> [Work order] The entries that follow should come back exactly, with no pictures among them.
━━━━━━━━
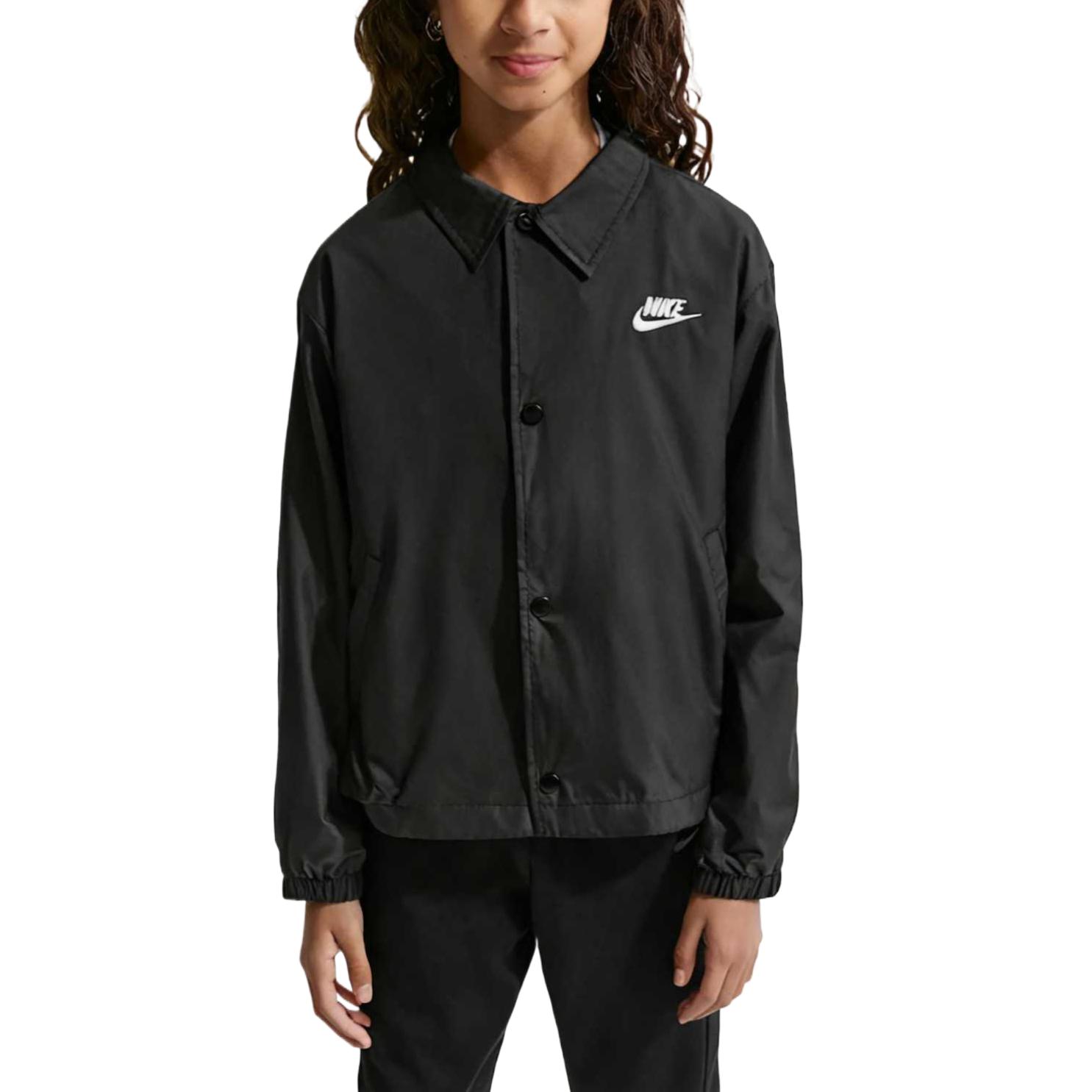 Nike Kids Jackets Lapel Moderate IF2822-010 L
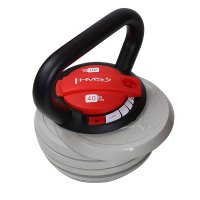 Nastaviteľný kettlebell HMS KR40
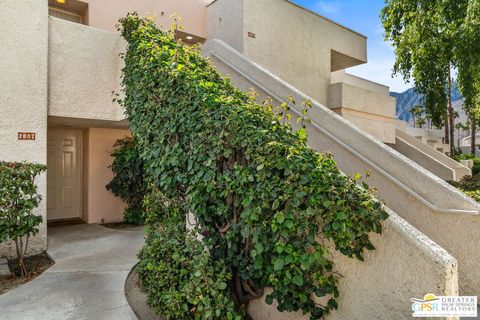 A home in Palm Springs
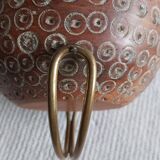 Aldo Tura 50's wooden hollow cut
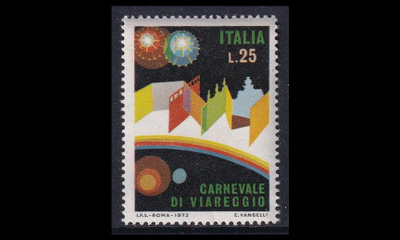 Italia 1413 ** Viareggion karnevaalit (1973)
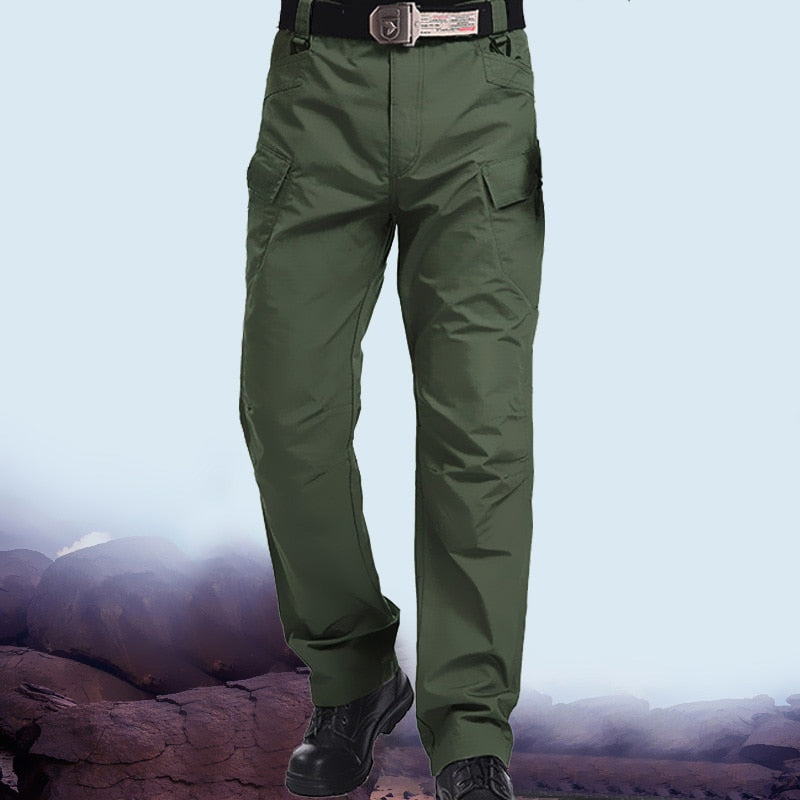 Mens Camouflage Cargo Pants Elastic Multiple Pocket Military Male Trousers Outdoor Joggers Pant Plus Size Tactical Pants Men 5XL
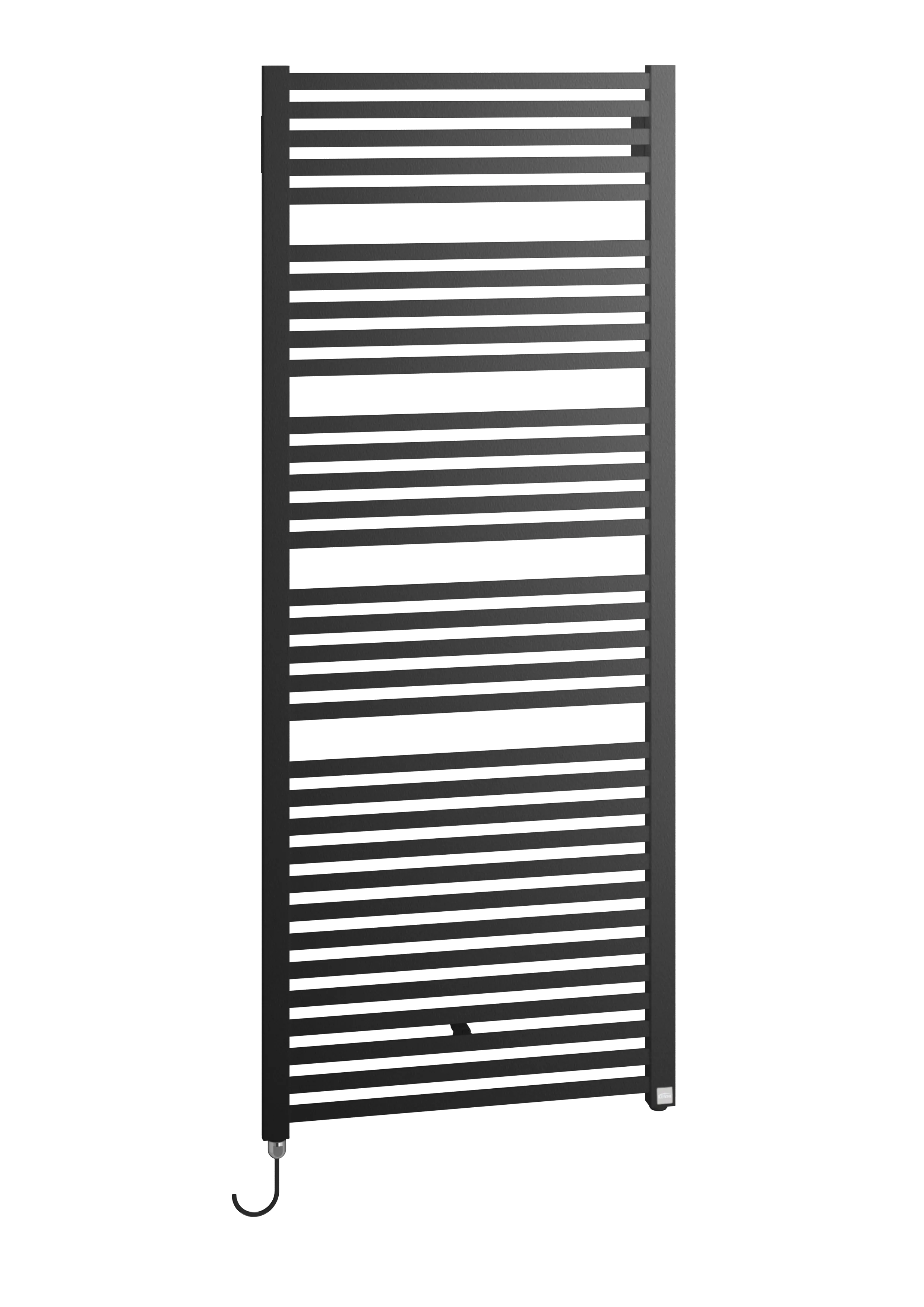 Kermi Design-Elektroheizkörper „Geneo® quadris-E“ 44,7 × 149,4 cm in Schwarz Soft Kermi Design-Elektroheizkörper „Geneo® quadris-E“ 44,7 × 149,4 cm in Schwarz Soft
━━━━━━━━
> [Task answer]
 Nike Kids Jackets Lapel Moderate IF2822-010 L
 Nastaviteľný kettlebell HMS KR40
 A home in Palm Springs
 Aldo Tura 50's wooden hollow cut
 Italia 1413 ** Viareggion karnevaalit (1973)
 Mens Camouflage Cargo Pants Elastic Multiple Pocket Military Male Trousers Outdoor Joggers Pant Plus Size Tactical Pants Men 5XL
 Kermi Design-Elektroheizkörper „Geneo® quadris-E“ 44,7 × 149,4 cm in Schwarz Soft Kermi Design-Elektroheizkörper „Geneo® quadris-E“ 44,7 × 149,4 cm in Schwarz Soft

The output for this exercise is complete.